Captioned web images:
--------------------

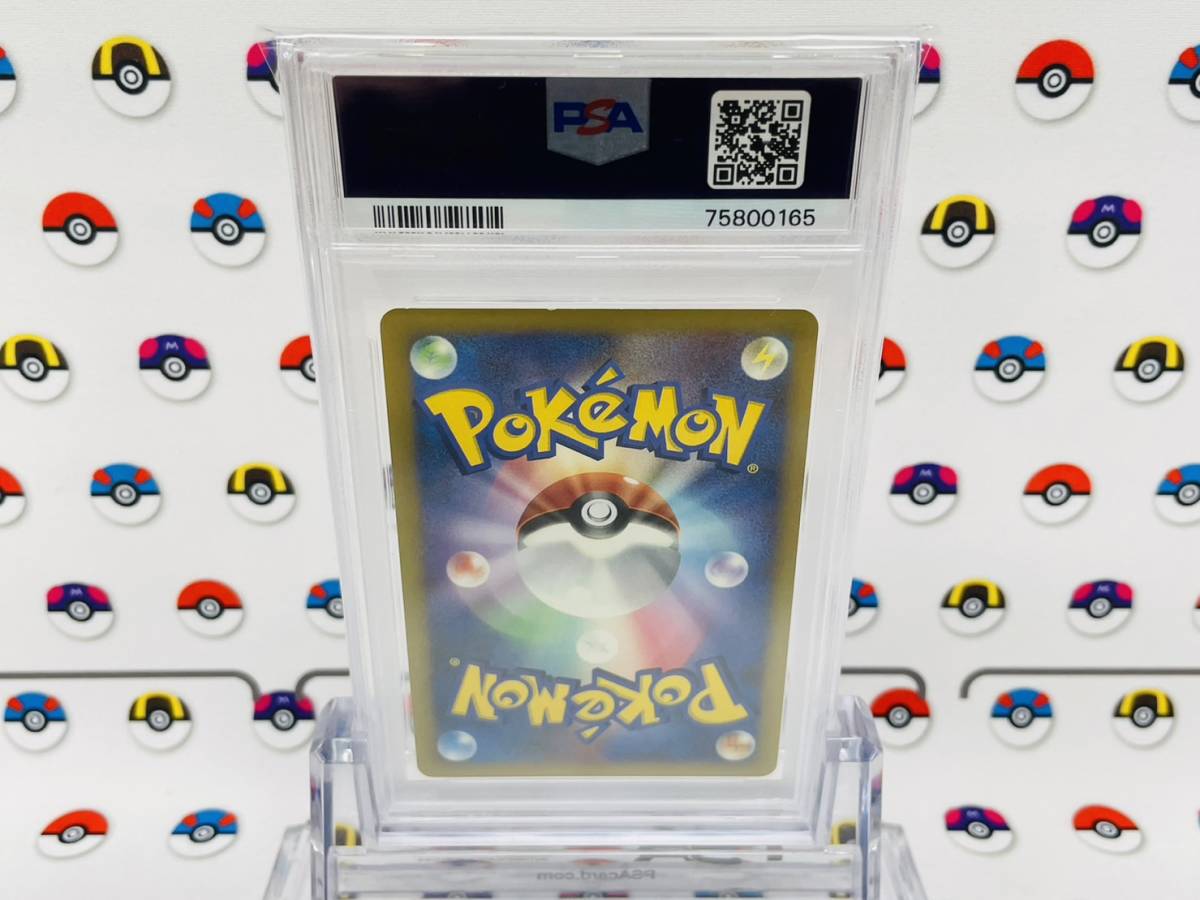 PSA9 ポケモンカード パルキア LV.X 105/DP-P 月光の追跡・夜明けの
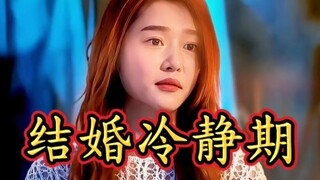 建议结婚冷静期全面推广！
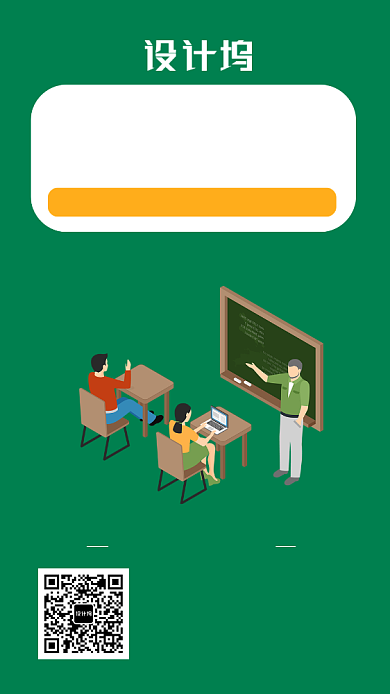 成人学历提升宣传海报背景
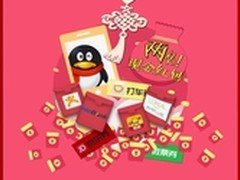 猴年春节加码！QQ将派超过2亿现金红包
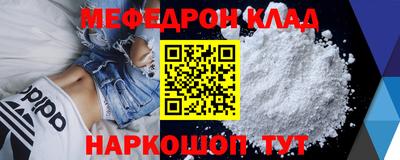 экстази Вязьма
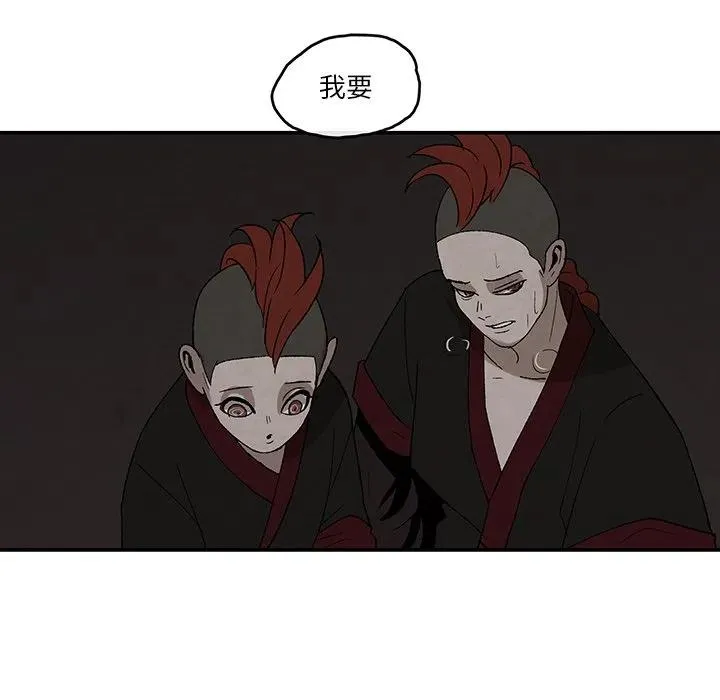 39 第63页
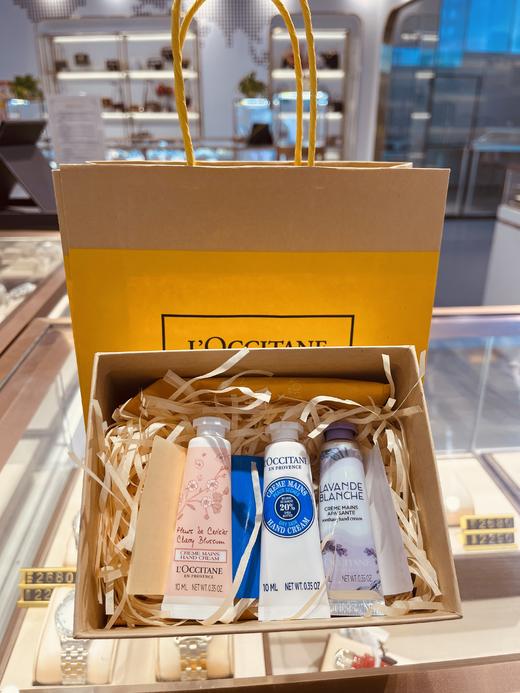 【临期】法国欧舒丹护手霜礼盒10ml*3（2026/12/11）（颜色随机，需要可备注） 商品图1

--------------------

Print every entry exactly; omit the pictures.

 PSA9 ポケモンカード パルキア LV.X 105/DP-P 月光の追跡・夜明けの
 建议结婚冷静期全面推广！
 成人学历提升宣传海报背景
 猴年春节加码！QQ将派超过2亿现金红包
 экстази Вязьма
 39 第63页
 【临期】法国欧舒丹护手霜礼盒10ml*3（2026/12/11）（颜色随机，需要可备注） 商品图1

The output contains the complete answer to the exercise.